First, search engine can be forbidden to go beyond original site:

-same_domain=true

This option tells the search algorithm to follow those hyper references only which jumps to the same site.

Second, it is possible to limit the depth of web search, that is the number of jumps from one reference to another:

-maxdepth=NN

Let us consider the case, when -maxdepth=2. Search engine starts from -uri=http://www.solarix.ru. Scanner will access title page of the site (it is index.shtml file). After that the scanner finds hyper reference, which points to www.solarix.ru/for_users/dowsload_them/faind/faind.shtml. This is first jump. Search engine loads that page and analyses it. This page also has hyper references. Any one of them causes the scanner to make second jump. All of hyper references on .../faind.shtml are processed, and any one causes second jump in depth. That is all - no deeper jumps will be done.

Third, it is possible to use masks to web address:

-urimask "(.+)\.gov"

URL mask is regular expression. Each hyper reference checks by masks. If any of masks makes success then hyper reference is used. The set of masks can be declared in one -urimask.

-urinotmask can be used to prevent crawler from following the hyper references:

-urinotmask "(.+)banner(.+);(.+)\.xxx"

 

All of options listed above can be used in arbitrary combination.

Additional features are as follows.

List of masks can be stored in text file and later used like this:

-name @urls_masks

List of web addresses can be stored in text file (as usual for FAIND!) and then used at any moment::

-uri @urls_file

The command:

-maxtraffic=XXX

makes it possible to limit the internet traffic when scanning the web sites. The limit value can be bytes, kilobytes (suffix K) or megabytes (suffix M), e.g.:

-maxtraffic=500K

Downloaded documents can be stored in the files on local host. It allows to browse them offline without the need to download them again. Download mode can be switched on by the option:

-store_download=true

Default value for this parameter is defined in ini file.

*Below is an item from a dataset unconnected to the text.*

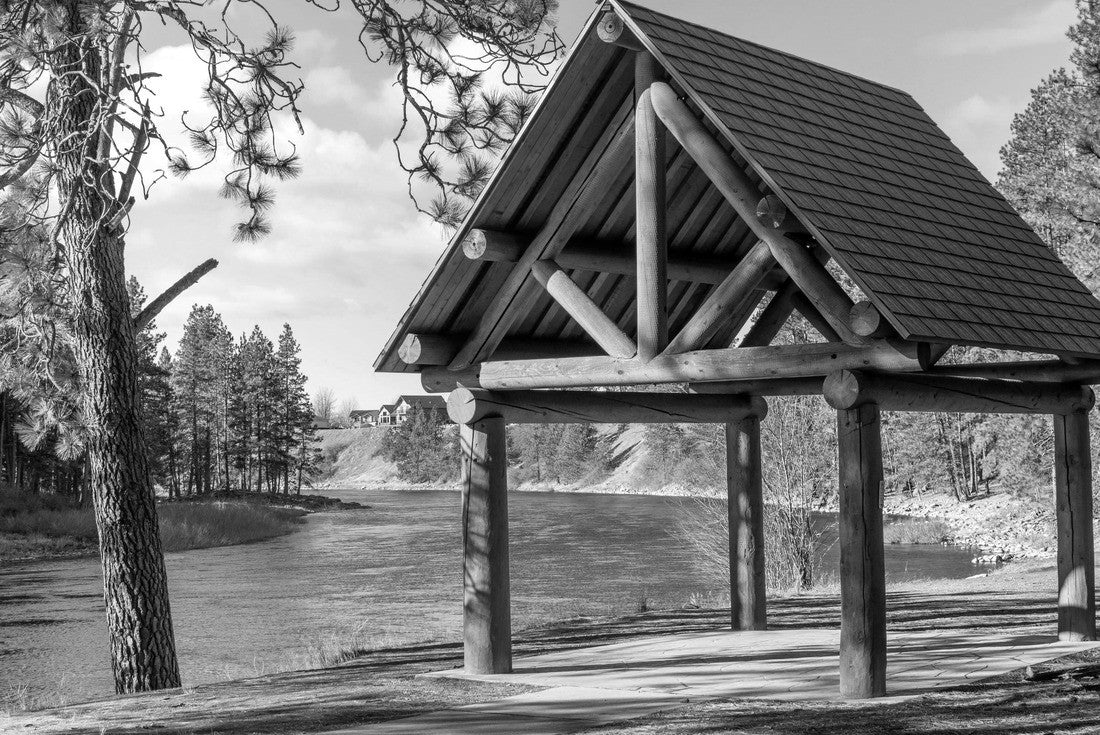 In the city of Post Falls Idaho in the northwest of the United States, a log gazebo or outdoor structure built along the Spokane 2000pc PuzzleBlack and White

Downloaded documents are saved in special folder defined in ini file - variable download_dir in section internet.

It should be said that there is no simple correspondence between URL of original documents and the name of saved file. There are two ways to solve the problem.

First, every downloaded files has the pair file with the same name and extension 'uri'. This file contains description of document source.

Second, XML file with search results stores both original name of document (+ its source) and name of file in download directory.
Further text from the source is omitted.